Vor sieben oder acht Jahren – wie jetzt in der letz­ten Oktober­woche und bei eben­so golde­nem Spät­herbst­wetter – war ich mit einer Gruppe Frei­maurer, zu dnen mein Mann gehörte, anläss­lich eines Festakts der Anna-Amalia-Loge in Weimar. Zum Rahmen­programm gehörte der Besuch im KZ Buchen­wald. Für mich war dies eine erschüt­ternde Reise in die Vergan­genheit der Familie meines Vaters.

Mein Groß­vater war, da schon zwei seiner drei Söhne gefallen waren nicht zum Militär sondern als SA-Mann einge­zogen worden. Er begleitete Gefan­genen­tran­sporte und hatte Zugang zum KZ. Mein Vater erzählte, dass er ein ein­ziges Mal von seinem Vater eine Ohr­feige beko­mmen habe. Er war als ca. 10Jäh­riger nach Hause gekom­men und hatte selbst­zu­frieden berich­tet, dass er vor einem jüdi­schen Nach­barn ausge­spuckt habe. Mein Groß­vater hat die Maul­schelle nicht kom­men­tiert. Einige Tage später bot er meinem Vater an, ihn zur Arbeit zu begleiten und nahm ihn – soweit dies zuge­lassen war – mit ins Lager. Mein Vater sah die ausge­mergelten Gestal­ten, die selbst im Lager den gelben Stern tragen mussten und begriff, was mein Groß­vater ihm zeigen wollte. Er selbst musste sich ent­scheiden zwischen Herren­menschen­tum und Mensch­lichkeit.

Das KZ Buchen­wald liegt auf einer Kuppe oberhalb von Weimar. Immer, selbst im Hoch­sommer, weht dort ein kalter und scharfer Wind. Stunden­lang mussten die Häft­linge zum »Appell« auf der Spitze dieser Kuppe stehen. Während ihr Blick durch den Maschen­zaun auf das Anwesen des Lager­leiters mit Hüh­nern, Blumen- und Gemüse­garten, einer Bank unter der idyl­lischen Garten­laube und Spiel­gerä­ten für die Kinder des Komman­danten und ihre kleinen Freunde gezwun­gen wurde, waren die unter­er­nährten Gefan­genen in der viel zu dün­nen Lager­klei­dung stunden­lang der töd­lichen Kälte auf der Kuppe aus­ge­setzt.

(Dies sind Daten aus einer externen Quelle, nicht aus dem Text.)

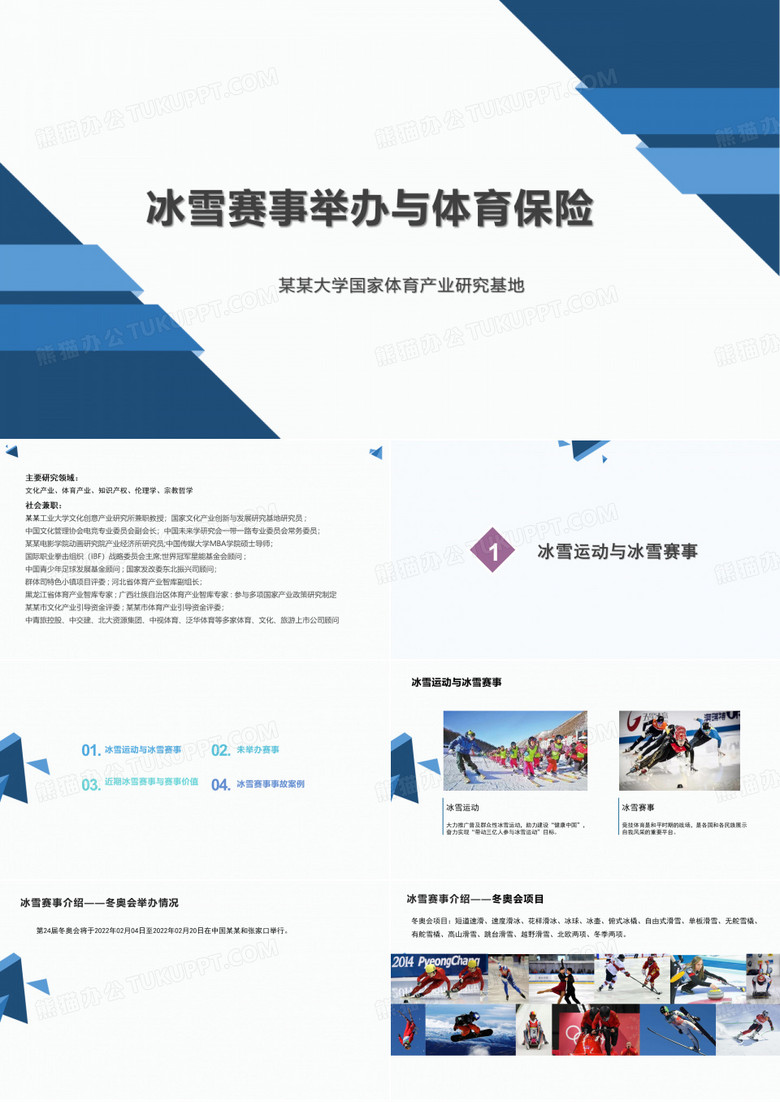 体育运动 运动保险 冰雪运动 冰雪赛事与体育保险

Das Mahn­mal ist eine erwärmte Kupfer­platte, die am höchsten Punkt der Kuppel in den Boden einge­lassen ist. Vielleicht vier oder fünf Menschen können – dicht beiei­nander – auf ihr stehen. Der eisige Wind, der selbst an diesem sonnen­warmen Oktober­tag in wenigen Minuten durch unsere Kleidung drang vermit­telte den Hauch einer Ahnung wie es gewesen sein muss, hier oben stunden­lang aus­harren zu müssen. Das Mini­malis­tische dieser Instal­lation machte es unmög­lich, sich vor dem Gewahr­werden des Unvor­stell­baren gänz­lich zu ver­schließen.

Die junge Slammerin war mit ihrer Klasse im KZ Buchen­wald gewesen. Selbst jetzt noch, während ich darüber schreibe bin ich berührt davon, wie in ihrem Poem eine Verbin­dung zu den Opfern ent­steht, deren Über­lebende ihre Ur-Ur- oder gar Ur-Ur-Urgroßeltern sein könn­ten.